Under NAFTA’s chapter 11, the government is actually encouraging some businesses to fire American workers and move their jobs overseas.

With NAFTA’s dispute settlement mechanism, companies can sue and win millions in damages against governments they say violate the rules of the treaty. But the catch is that the treaty grants special access to this dispute settlement mechanism to companies that have moved jobs overseas. Firms that keep jobs local are forced to go through traditional courts, which are slower, more expensive, and less likely to lead to a win.
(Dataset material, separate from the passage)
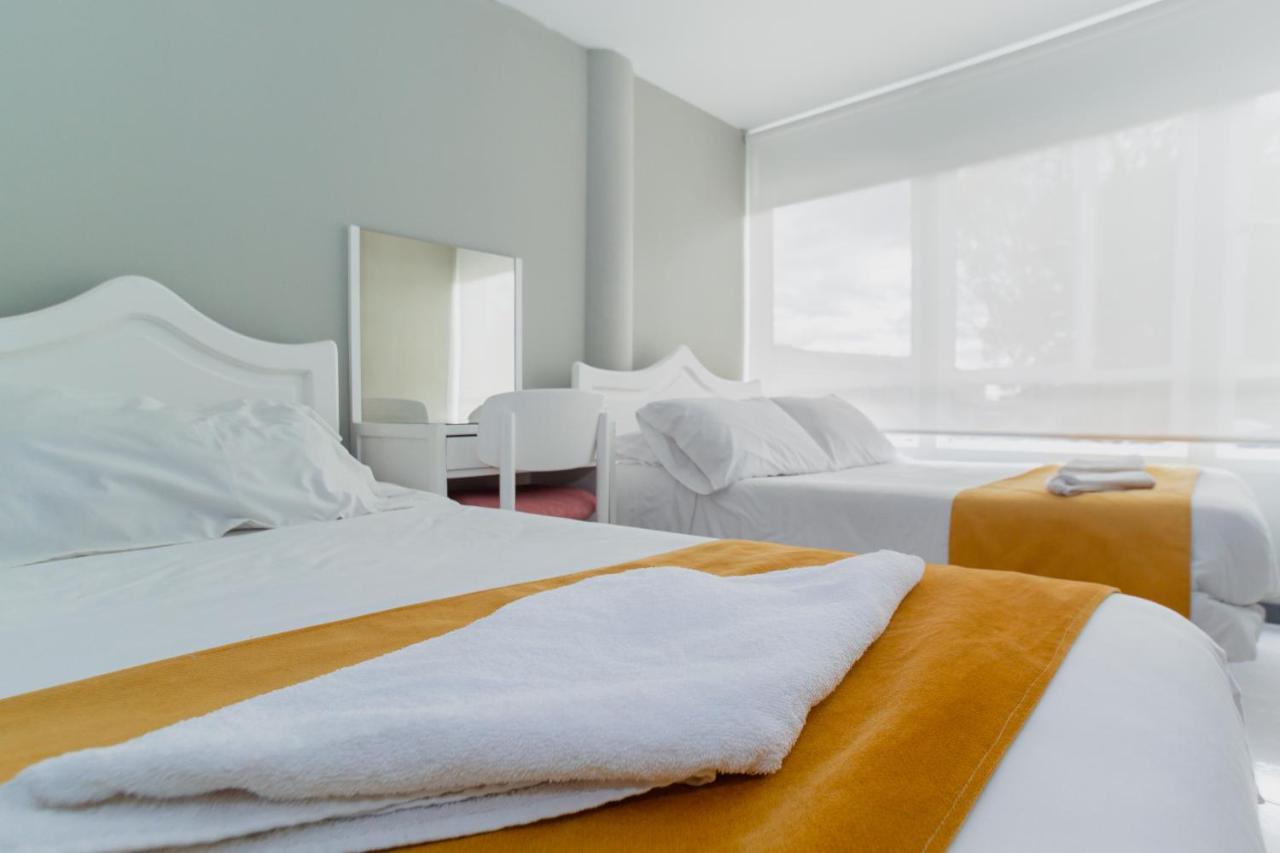 Apartasuites & Hotel Bogota Teusaquillo Екстериор снимка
In other words, the current treaty creates incentives to move jobs away. The solution is obvious: remove the offshoring incentive by allowing everyone access to the mechanism.

Strengthen Rules of Origin

A third easy fix for NAFTA would popular with all three member states: write some rules of origin with teeth.

Free trade deals like NAFTA are intended to reduce tariffs and other barriers preventing businesses in signatory countries from selling products across international borders. The goal is to help local businesses grow by giving them access to more markets. Trade agreements work toward those goals by slashing taxes on products that originate in their partners’ nations.

The problem is that deciding where a product comes from is harder than it looks, and poorly written rules are allowing some countries to get a free ride.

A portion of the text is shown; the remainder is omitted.